Can Argentinian Harry Potter save the world?
Democracy Earth Foundation just announced the 1.0 Alpha release of its blockchain-based voting platform, Sovereign. The founder, Santiago Siri, is a developer’s developer, with legions of fans around the world, including some 55,000 Twitter followers. A TED talker who is being honored by the World Economic Forum this November, he is a Borges-quoting full stack developer and gamer who can sometimes be heard in speeches and podcasts referencing John Lennon as he imagines the possibilities of a world with bitcoin blockchain technology at its disposal.
In his round glasses and shock of brown hair he often looks like Harry Potter but instead of Gryffindor colors, it is Argentina’s blue and white. The other day while planning a hackathon, I heard one of his colleagues, a French developer born in the 1990’s, quote Woody Guthrie that “Ze times, zey are a changing!” He also favors round glasses, with a similar shock of untamed brown hair to the founder, thus he is French Harry Potter.
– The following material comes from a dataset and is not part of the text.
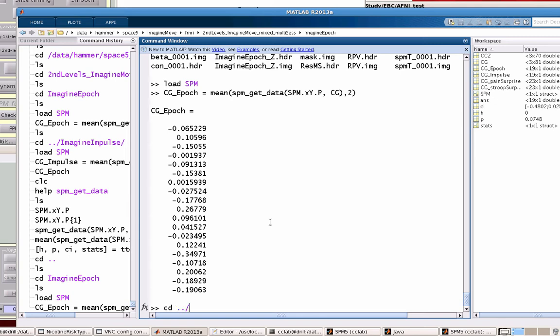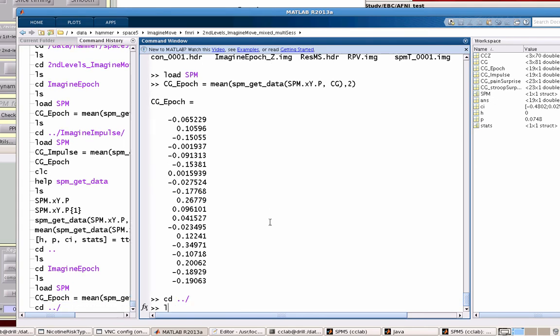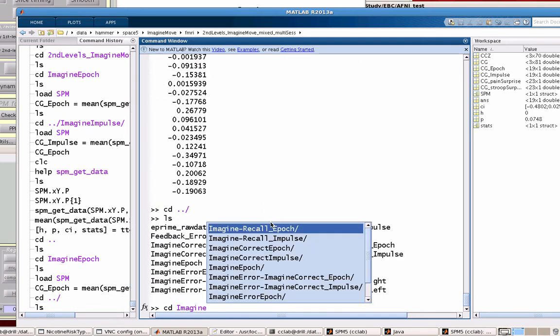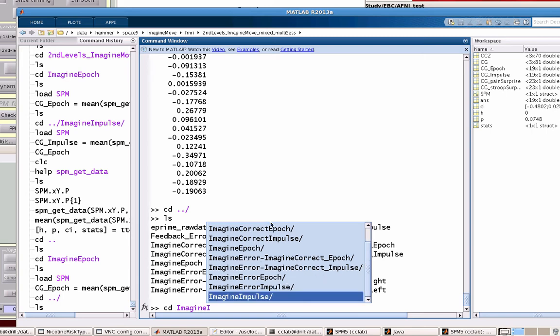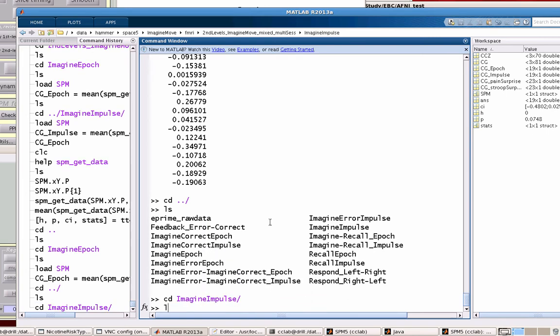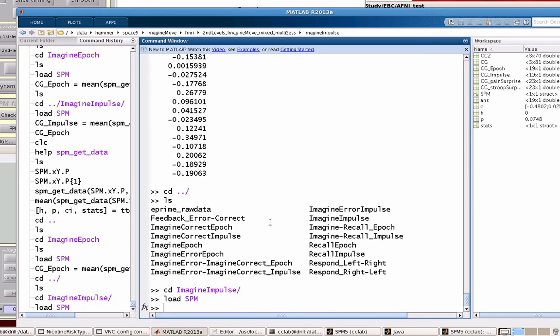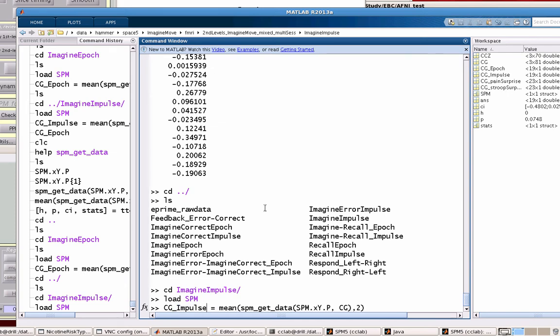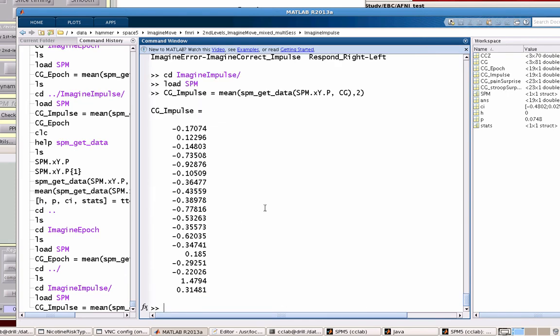And then I can go to another directory, say ImageImpulse. Load the SPM, and I can do the same thing here, just tweak the name slightly. This is really cool because now I can do a direct contrast between these different sets of contrast estimates.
I like hearing wisdom from the past echoing forward in the voices of the future, the accents of the world. I like it that the future is in the hands of such as Argentinian Harry Potter and French Harry Potter. They are good and amazingly capable hands (it doesn’t hurt that they *also* work with Venezuelan Harry Potter, and Brazilian Hermione, who are equally amazing).
Pardon my magical references, but the world of software startups is a crazy place where world-changing things happen in the hands of a surprisingly small number of people.
There is a reason foreign influences are working so hard to wage a war of disinformation and distrust of the media – hacking elections at the ballot box will soon be not worth the effort, blockchain technology will enable truly incorruptible elections, in which we each own our own vote, can delegate and revoke at will, and can verify it was counted.
Soon you will think no more of voting from your mobile phone instead of going to a polling station, than you think of sending an email instead of a letter. In a short time, we will have a hard time explaining to new voters why we have for so long clung to the processes, expense and corruptibility of ‘point in time’ elections with physical ballot boxes. The technology is not yet widely deployed but it will be, and very quickly – we’re just entering the hockey stick part of the growth curve of Internet 2.0.
I am far from alone in the world when I say, it’s about time.